MODESTO -- Modesto packs twice as many people and homes into every square mile as Escalon and Sonora do.
Even compared with other big valley cities such as Stockton, Fresno and Sacramento Modesto's population and housing density is much higher.
But population booms in Riverbank and Ceres have made those towns the region's most crowded, recently released Census Bureau statistics show.
Urban planners long have pushed for higher density as a way to save farmland, lower costs and deliver city services more efficiently.
Not much progress toward that goal was made during the past decade, however, and census calculations show some valley towns such as Patterson headed the opposite direction.
Convincing valley folks to live closer together has not been easy, but planning experts insist that's the way of the future.
"You're just not going to be able to afford sprawl," warned Mike Dozier, who leads the California Partnership for the San Joaquin Valley. "We need to save our farmland, direct growth into the cities and have smaller lot sizes."
Dozier called Modesto "one of our best-planned cities in the valley," partly because its housing units houses and apartments are significantly closer together than elsewhere in the region.
Census takers in 2010 counted 2,035 housing units per square mile within the Modesto city limit, compared with just 968 in Ripon, 805 in Sonora and 893 in Livingston.
That's a good thing, according to Brent Sinclair, Modesto's director of community and economic development. He said keeping housing compact makes it more affordable to provide city services.
"Every time a road or a water line or a sewer line is extended, it has to be maintained," Sinclair explained. The farther out infrastructure spreads, the more it costs.
Besides, more and more people prefer living closer together, Dozier contends. "The older you get, the more you're looking to downsize," said Dozier, adding that people increasingly want to be able to walk to stores and restaurants.
Young adults also prefer high-density urban settings, according to Dozier.
"They like being downtown ... because they've got things to do there," Dozier said. Rather than wanting big back yards and spacious houses, he said they prefer tighter living quarters near the action. "They don't spend much time in their rooms. They're out and about. It's almost an evolutionary thing."
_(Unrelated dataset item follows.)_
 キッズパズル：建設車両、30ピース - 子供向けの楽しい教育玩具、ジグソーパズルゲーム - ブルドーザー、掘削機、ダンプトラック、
San Francisco where tiny, high-priced apartments are the norm squeezes 8,042 housing units into every square mile. That city crams 17,180 people per square mile, which is more than triple Modesto's density and 10 times more than Sonora's.
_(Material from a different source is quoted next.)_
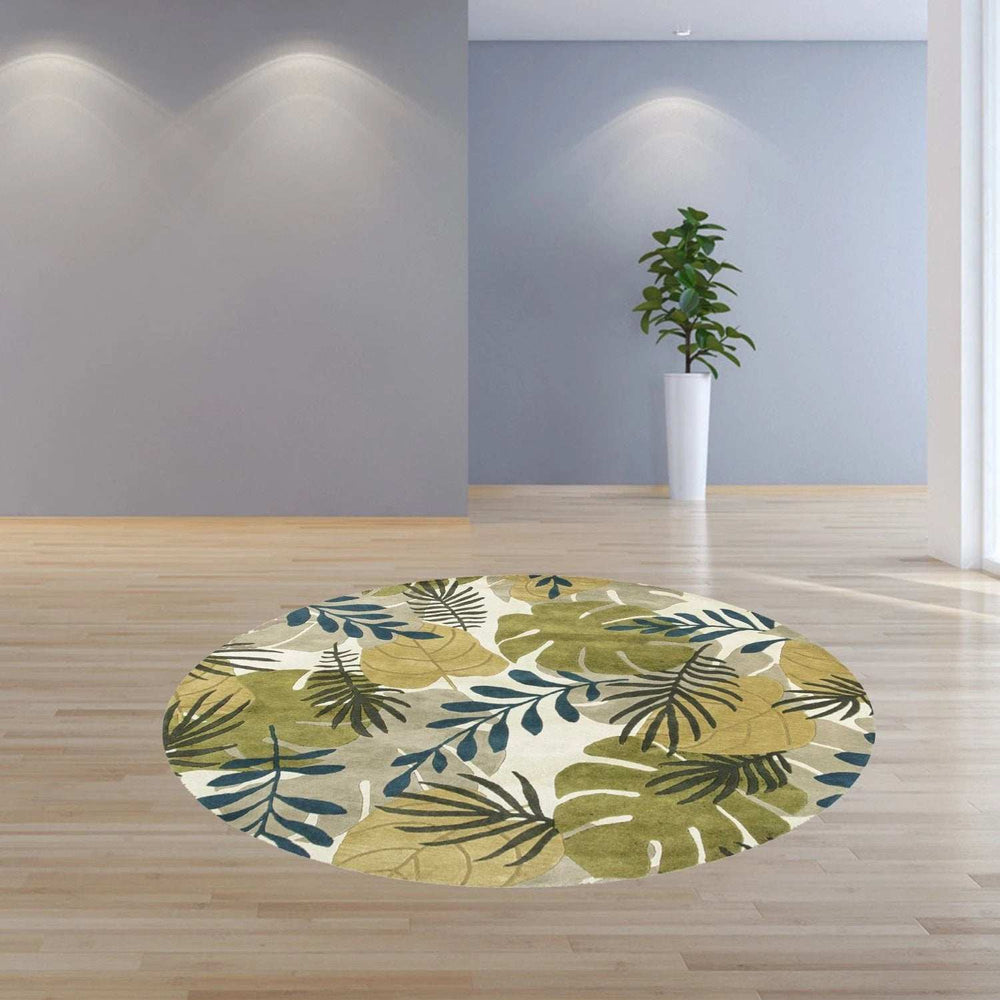7' Round Wool Ivory Area Rug - Homeroots - Flyclothing LLC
But is that how people really prefer to live?
Nope, at least not according to home builder Toni Raymus, who runs Raymus Homes and has subdivisions in Oakdale and Manteca.
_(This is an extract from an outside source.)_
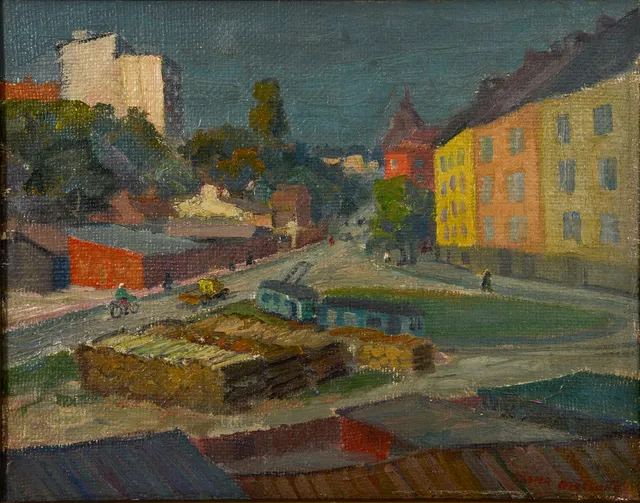 ODDMAR BJÖRKLUND. Södermalm, olja på duk, signerad.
Raymus said young adults may enjoy the excitement of big-city life, "but when they get married and they have children, they crave the kind of home they grew up in." She said that's why most new home buyers want single-family houses on lots that are at least 5,000 square feet.
While urban planners may favor more compact developments, Raymus said valley home buyers don't like them. She learned that the hard way.
Back in 2004 when the housing market was hot, Raymus said her company built a higher-density development in Manteca called Mikey's Place.
"It was a cute little project with 3,500-square-foot lots. We had 10 of them, and we still own six. People did not want to buy them. The market wasn't there at all," Raymus recounted. "Buyers vote with their pocketbooks. We can't force people to live different than they want to."
Sinclair still believes compact housing units can be popular, if they're built in the right location.
"If you're out on the periphery of a city, you don't have the advantages of urban life around you," said Sinclair, speculating on why small-lot subdivisions might not sell well. He thinks condominiums built on redeveloped land or infill property near a city's core, however, could attract those looking to downsize or live within walking distance of work.
Modesto may start offering developers incentives to build downtown, Sinclair said. Downtown lofts have been pitched before, but virtually none were built during the past decade.
Plenty of other types of housing units, from giant upscale homes to government-subsided apartments for low-income residents, were built in Modesto from 2000 through 2010.
In fact, census tallies show Modesto's housing stock increased by 11.7 percent during those 10 years, even though the city's population increased only 6.5 percent.
Housing had lagged behind population gains the decade before that. From 1990 to 2000, the number of Modesto residents grew by 14.6 percent, while housing increased only 10.4 percent.
Because of that, Modesto's population density was virtually the same in 2010 as it was in 1990 about 5,456 people per square mile.
That wasn't the case in Patterson. Its population density in 1990 was 5,074 per square mile, but by 2010, that had dropped to 3,431. That's because Patterson's borders more than tripled during those 20 years, which more than compensated for its 137 percent increase in residents.